• **Problem to solve**
Write out word for word each line from the one containing "[友一个正版]2022年一级" through the close of the listing, including both ends. Pictures do not belong in the copy.

• **Input material**
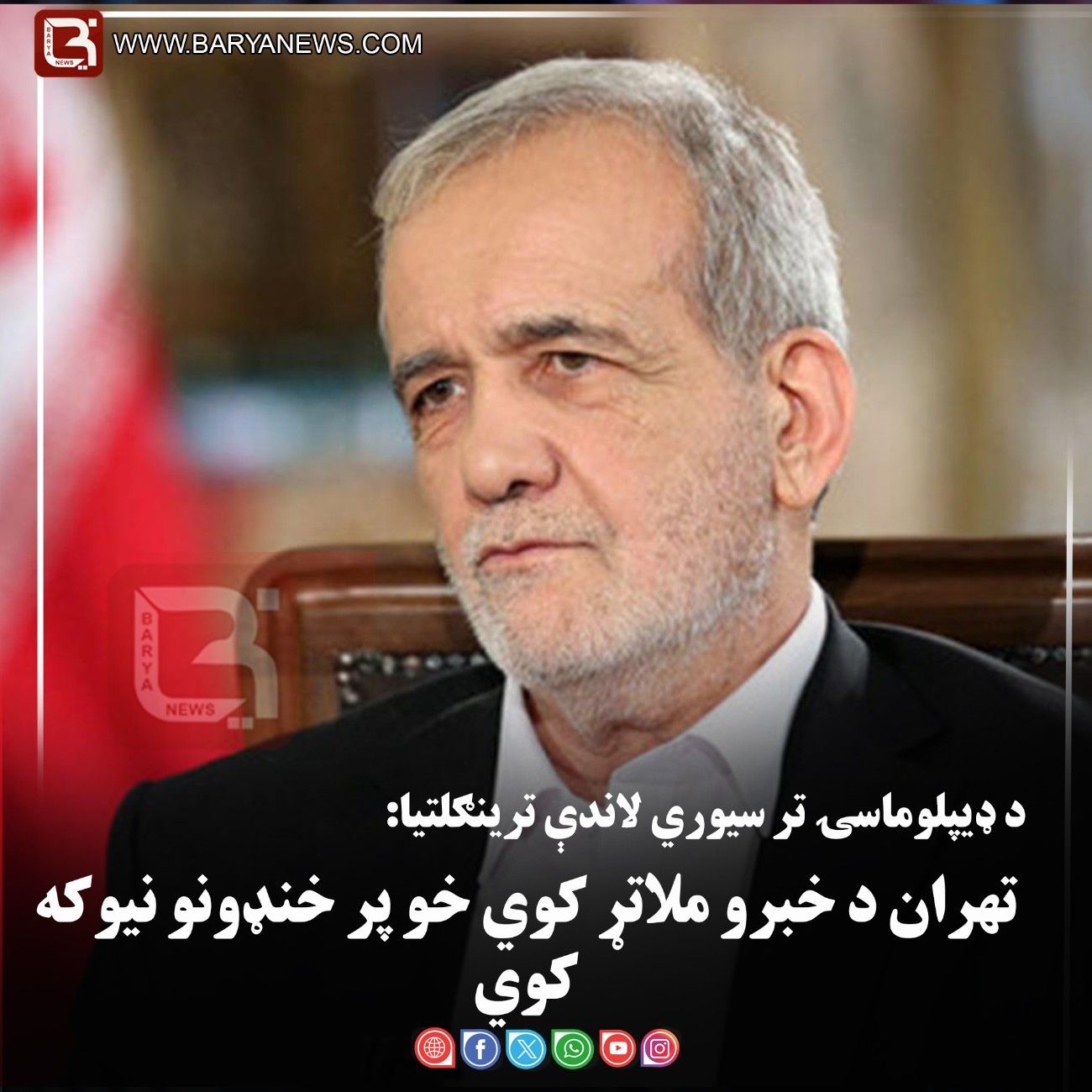 د ډیپلوماسۍ تر سیوري لاندې ترینګلتیا: تهران د خبرو ملاتړ کوي خو پر خنډونو نیوکه کوي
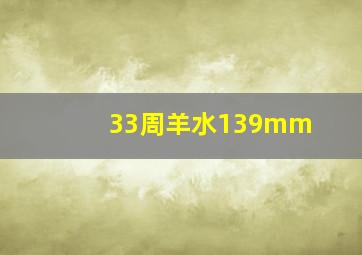 33周羊水139mm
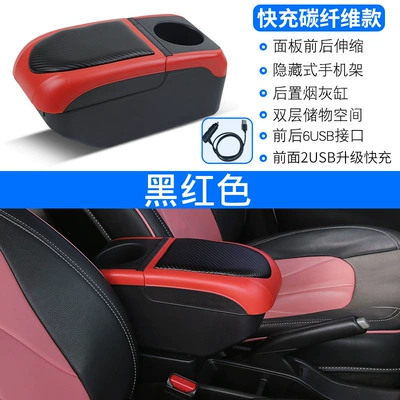 Armrest box box Citroen berlingo special - fast-charge-black-red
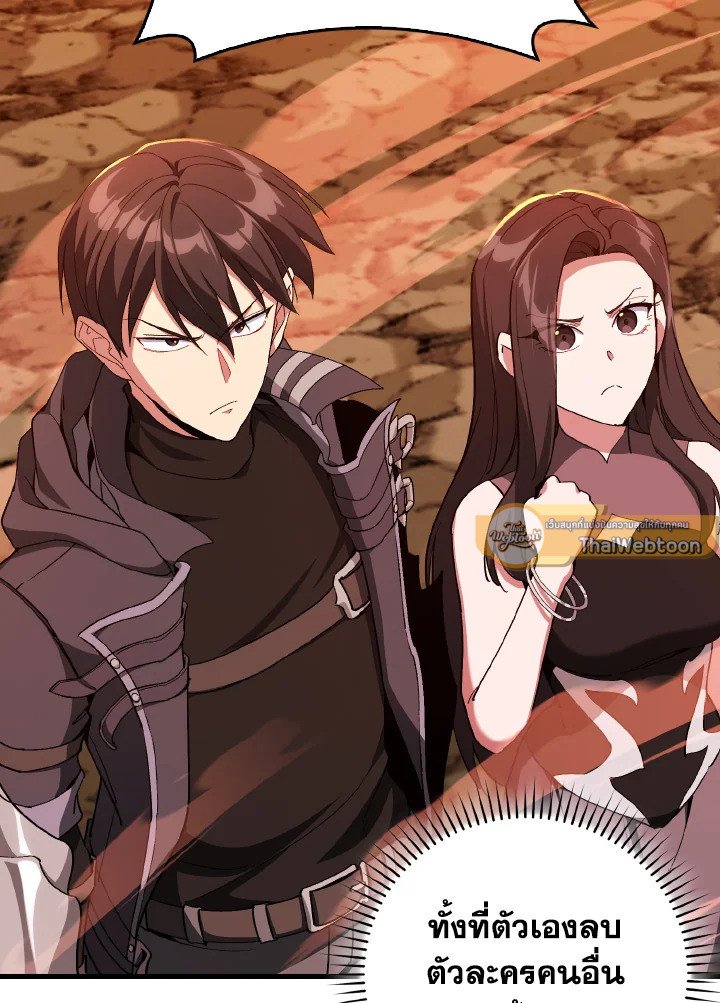 Max Level Player ตอนที่ 93 page 6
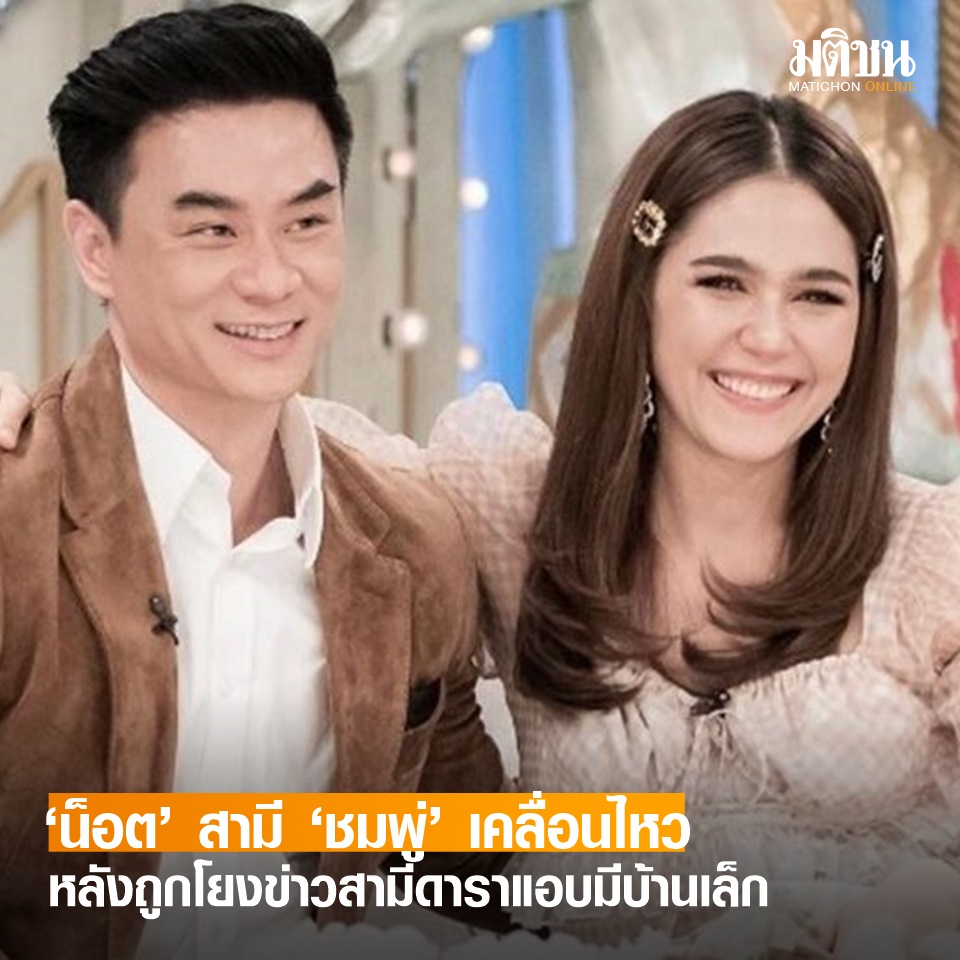 Matichon Online tweet media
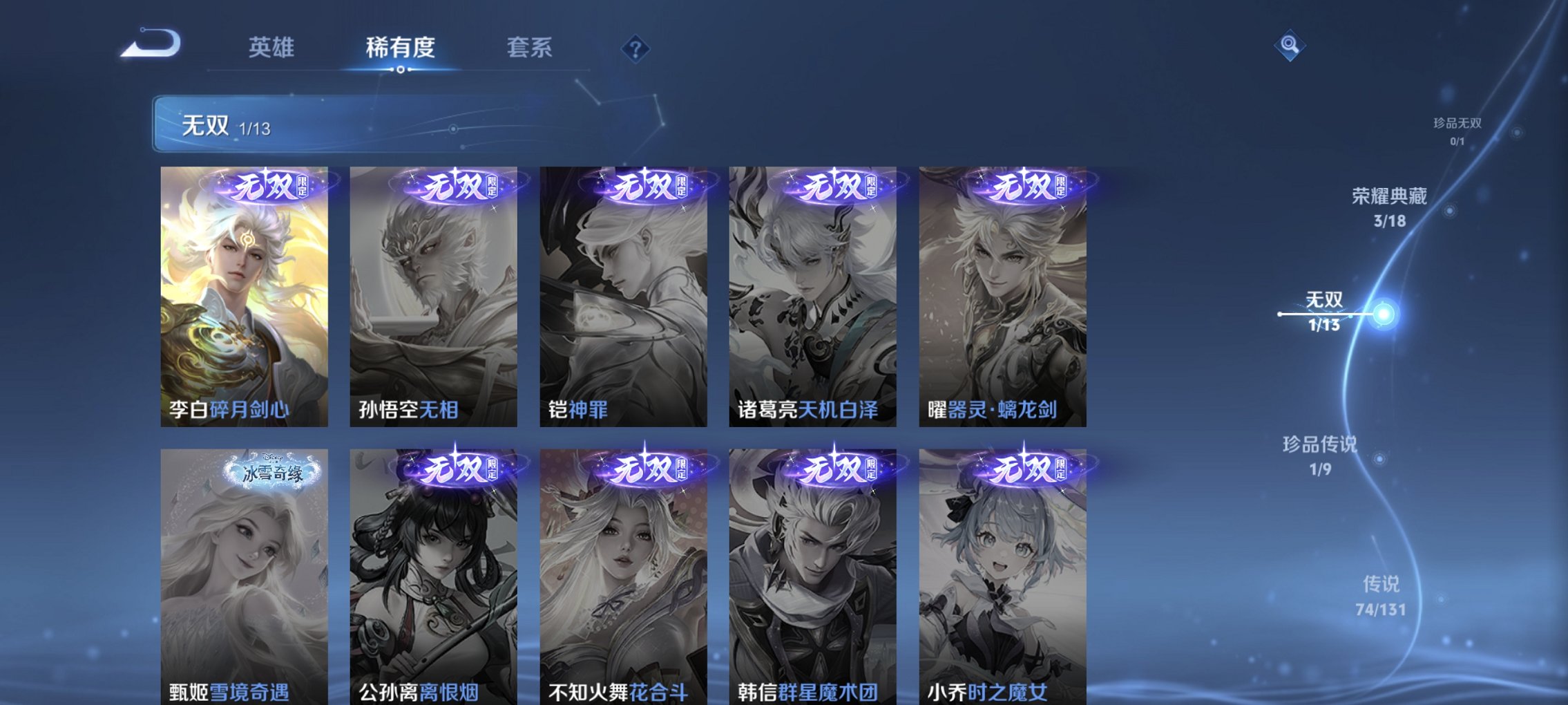 WZCMW422898王者荣耀账号详情图11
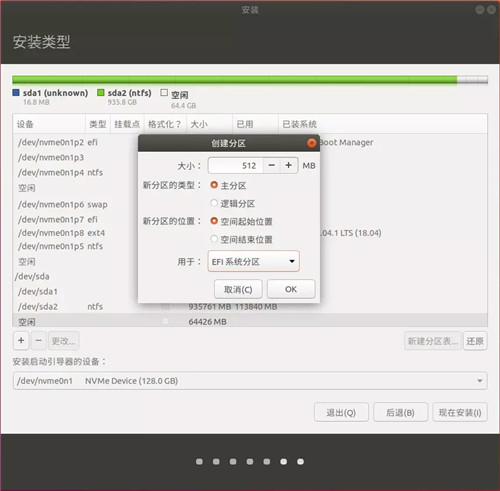 乌班图系统安装教程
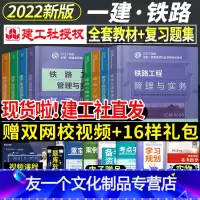 [友一个正版]2022年一级建造师教材铁路全套8本一建教材习题集历年真题试卷押题经济法规项目管理建筑市政水利机电公路实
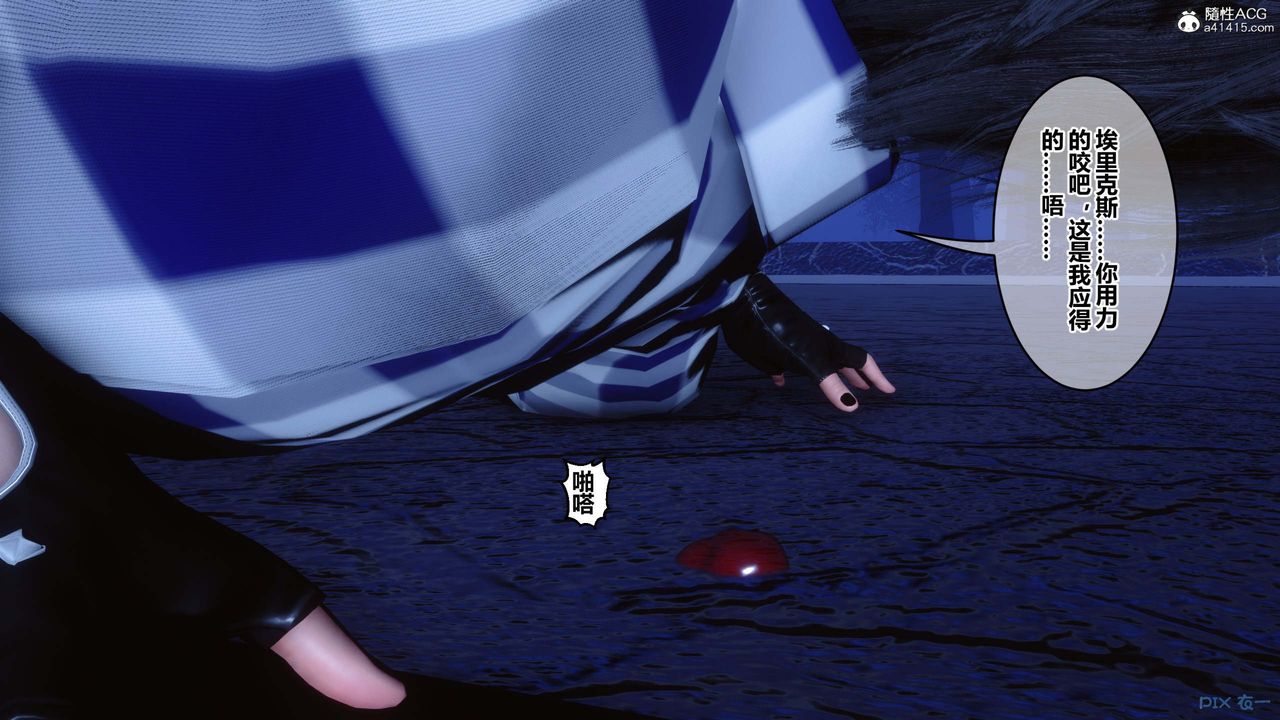 [3D]秘密高清无码版第147话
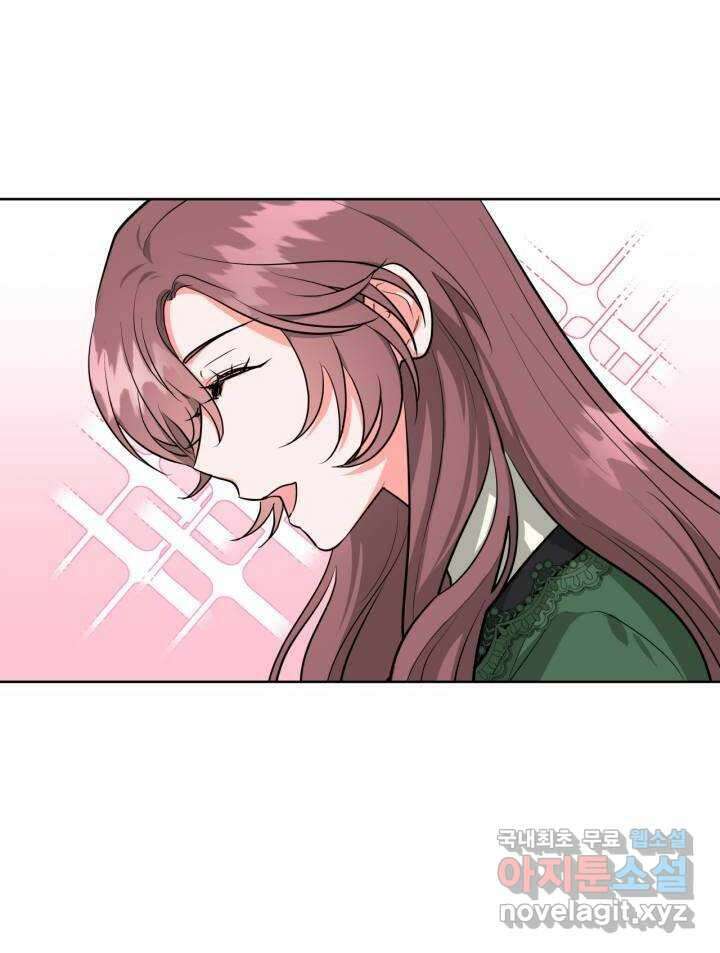 추위타는 북부대공 9화 13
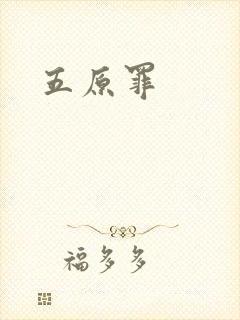 五原罪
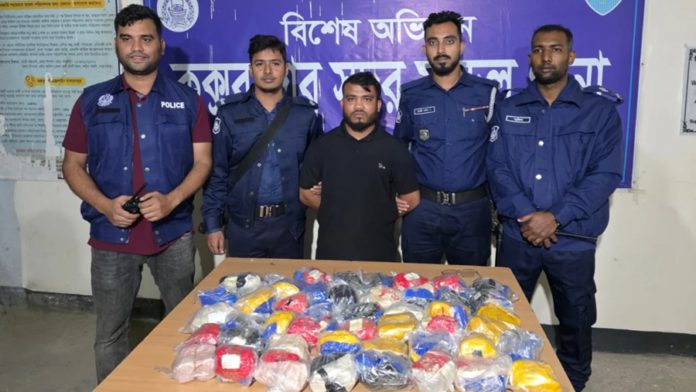 কক্সবাজার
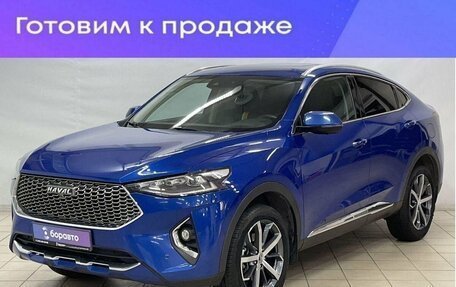 Haval F7x I, 2020 год, 1 999 900 рублей, 1 фотография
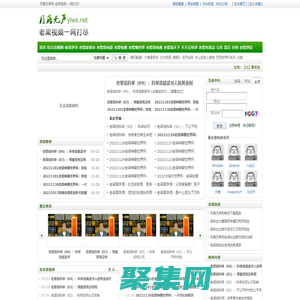 月落無聲網 月落無聲|梁宏達|老梁視頻|鐵嘴老梁|梁宏達視頻|老梁通史|梁知|大唐雷音寺|老梁故事會|市井財經|老梁故事匯|老梁觀世界|體育評書|老梁說天下|老梁看電視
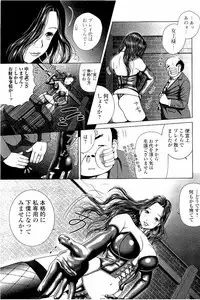 [Uoman Kotaroo] Netorare Satomi no Injou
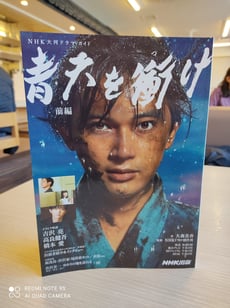 NHK大河ドラマ「晴天を衝け」 茨木市 永井歯科医院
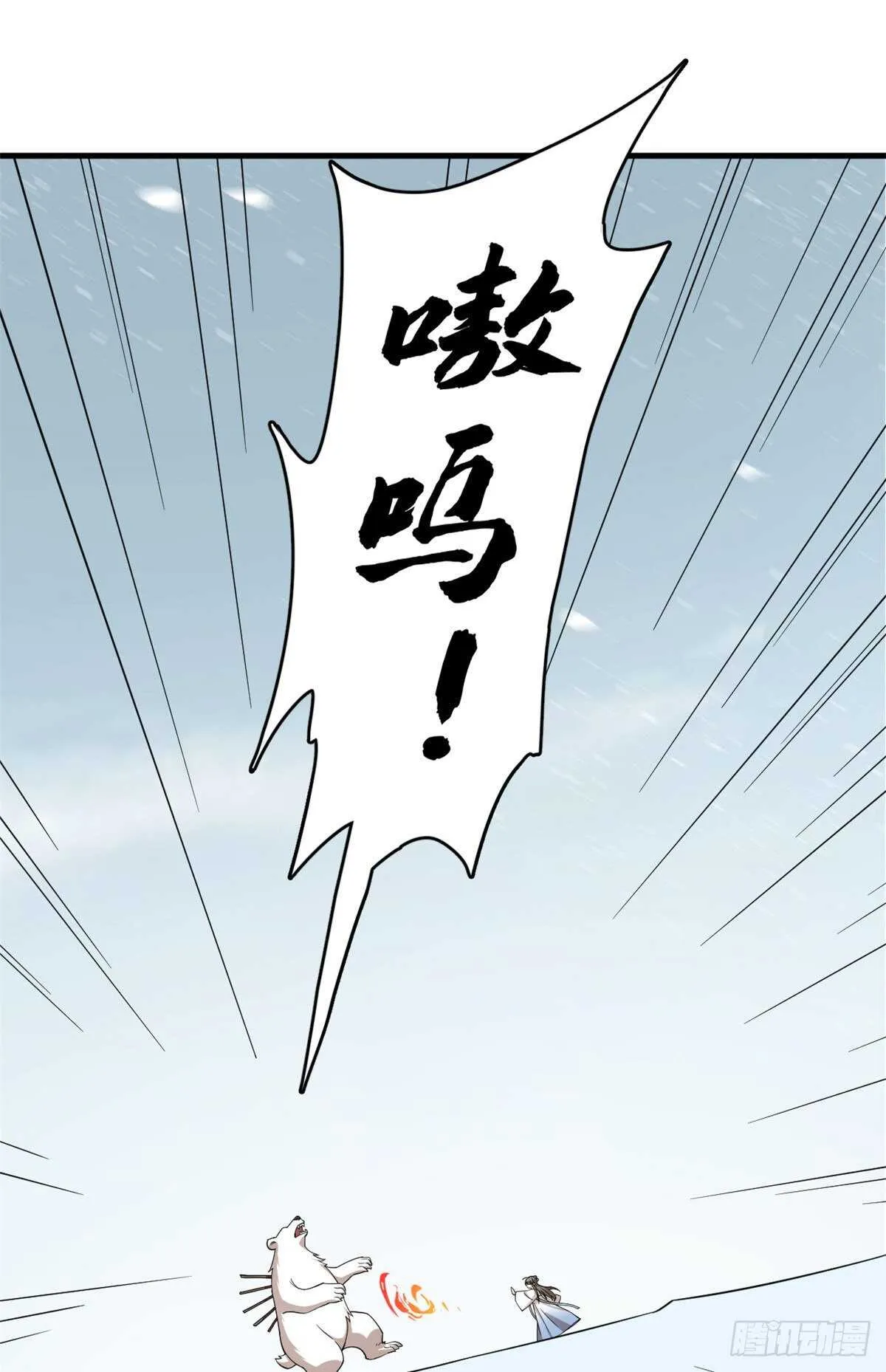 208 第24页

• **Result of this exercise**
 [友一个正版]2022年一级建造师教材铁路全套8本一建教材习题集历年真题试卷押题经济法规项目管理建筑市政水利机电公路实
 [3D]秘密高清无码版第147话
 추위타는 북부대공 9화 13
 五原罪
 কক্সবাজার
 Haval F7x I, 2020 год, 1 999 900 рублей, 1 фотография
 月落無聲網 月落無聲|梁宏達|老梁視頻|鐵嘴老梁|梁宏達視頻|老梁通史|梁知|大唐雷音寺|老梁故事會|市井財經|老梁故事匯|老梁觀世界|體育評書|老梁說天下|老梁看電視
 [Uoman Kotaroo] Netorare Satomi no Injou
 NHK大河ドラマ「晴天を衝け」 茨木市 永井歯科医院
 208 第24页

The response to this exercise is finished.